На самом же деле ему хотелось знать, конечно, не это, а то, как живет его горячо любимая им жена, чем занимается и каким опасностям подвергается. Он был коминтерновец, работал в соседнем отделе, знал, что делалось в Германии, и на душе его было тревожно. Он старался скрыть это от матери.
- Вроде ничего себя чувствует,- переводил он на чешский: его мать, как и многие другие пожилые родители взрослых детей-коммунистов, переехавших в Союз, продолжала говорить на языке своей родины. Сам Дицка свободно говорил на трех языках, и Рене оставалось только выбирать, какой больше подходит по настроению; в последнее время она старалась говорить по-русски, но это давалось ей пока плохо.- И выглядит хорошо...
Мать принимала это к сведению, кивала, тоже довольствовалась малым, не спрашивала большего и щурилась спокойно и доброжелательно. Но Рене чувствовала за этим невозмутимым и нетребовательным фасадом нечто иное: в сморщенном от сплетения старческих морщин лице и в самой посадке головы была какая-то незримая застарелая горечь и негласный дух противоречия.

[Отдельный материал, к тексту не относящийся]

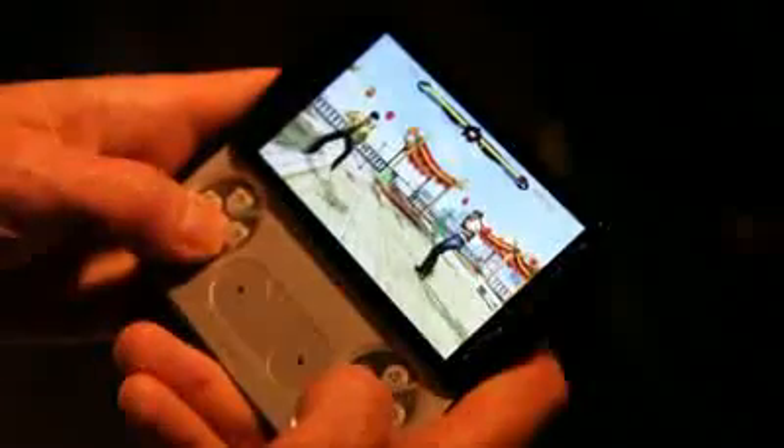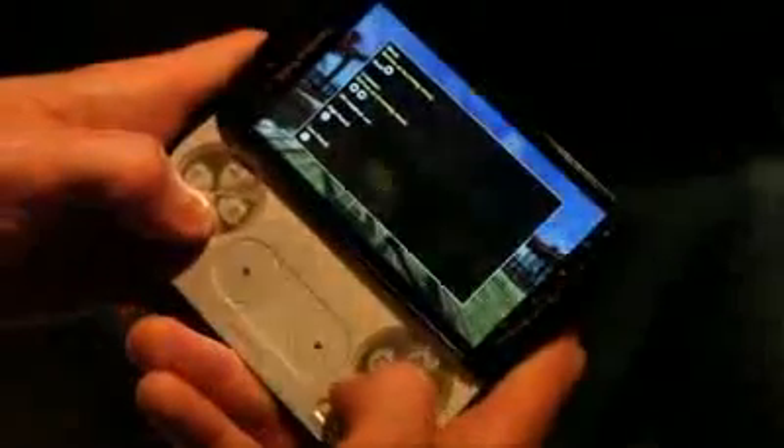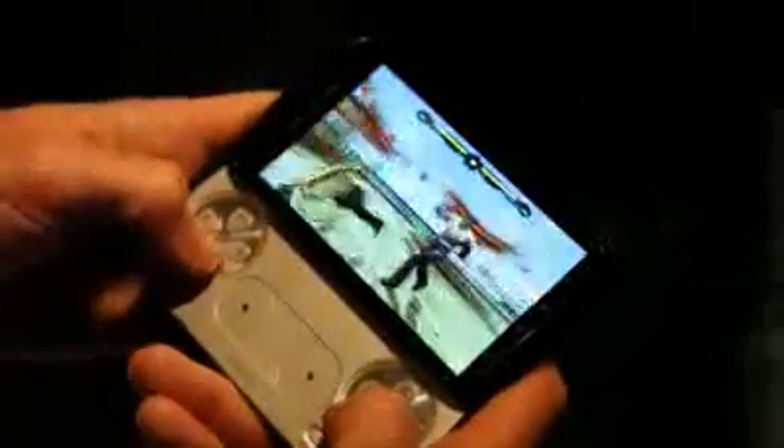As with all fighting games, we need to learn about the combos — and I'll show you how you get there. You go to the command list, and here they are, and then we'll continue.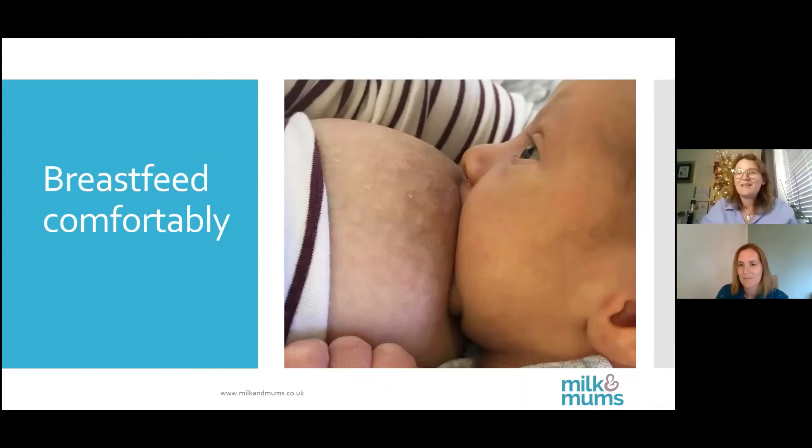Position and how you latch your baby on matters. There are several different techniques: cross cradle, normal cradle, the flipple technique, rugby ball — which is good for twins or if you've had a C-section — laid back feeding, and koala hold. Lots of different practitioners will give you their favourite tip.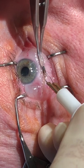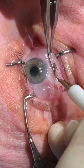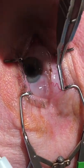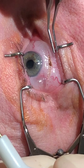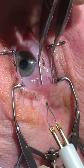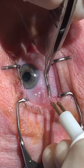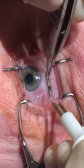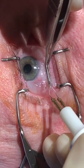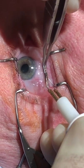Conjunctivochalasis is typically mid to temporal, so unless the patient has problems beyond temporal, I usually go mid-pupil and beyond. We're just little by little getting that excess conjunctiva here, and we're just cauterizing — this puts both the conjunctiva and Tenon's layer together.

Может, старуха думала в эту минуту о том, что у ее сына не самая лучшая супружеская жизнь на свете, что жена не может жить отдельно от мужа и подвергаться на стороне чудовищным опасностям, а муж при этом не имеет даже права спросить, что происходит, и довольствуется пустяками: старики часто боятся высказаться вслух, и нужно следить за игрой теней на их рембрандтовских лицах, чтобы приобщиться к их думам и сомнениям...
- А как она одета? - задавал новый вопрос Дицка, думая хоть так подобраться к существу дела.- Там холодная зима была?

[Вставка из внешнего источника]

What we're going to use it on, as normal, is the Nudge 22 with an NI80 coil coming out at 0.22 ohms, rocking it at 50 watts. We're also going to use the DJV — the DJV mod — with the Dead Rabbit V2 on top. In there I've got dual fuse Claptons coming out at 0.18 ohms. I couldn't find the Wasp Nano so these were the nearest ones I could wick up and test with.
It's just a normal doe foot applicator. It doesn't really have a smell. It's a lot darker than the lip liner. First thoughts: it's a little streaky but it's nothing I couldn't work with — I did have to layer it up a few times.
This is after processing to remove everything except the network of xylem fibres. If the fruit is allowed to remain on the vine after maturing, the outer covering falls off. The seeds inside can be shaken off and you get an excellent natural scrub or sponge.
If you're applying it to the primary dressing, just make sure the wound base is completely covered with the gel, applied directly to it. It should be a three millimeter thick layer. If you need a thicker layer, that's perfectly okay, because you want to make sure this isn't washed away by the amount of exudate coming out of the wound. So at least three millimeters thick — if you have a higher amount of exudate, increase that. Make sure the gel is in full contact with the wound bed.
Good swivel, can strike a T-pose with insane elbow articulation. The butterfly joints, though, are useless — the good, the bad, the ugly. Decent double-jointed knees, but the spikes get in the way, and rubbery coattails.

- Не очень.- Здесь Рене могла позволить себе большую откровенность и подробно и обстоятельно описывала гардероб Марии и погоду в Берлине.
- Значит, в этом отношении все в порядке,- в очередной раз утешался Дицка.- А остальное вы мне обе когда-нибудь расскажете? - надеялся он вслух и глядел на Рене бодро и просительно разом - она соглашалась, но большего из нее нельзя было вытянуть...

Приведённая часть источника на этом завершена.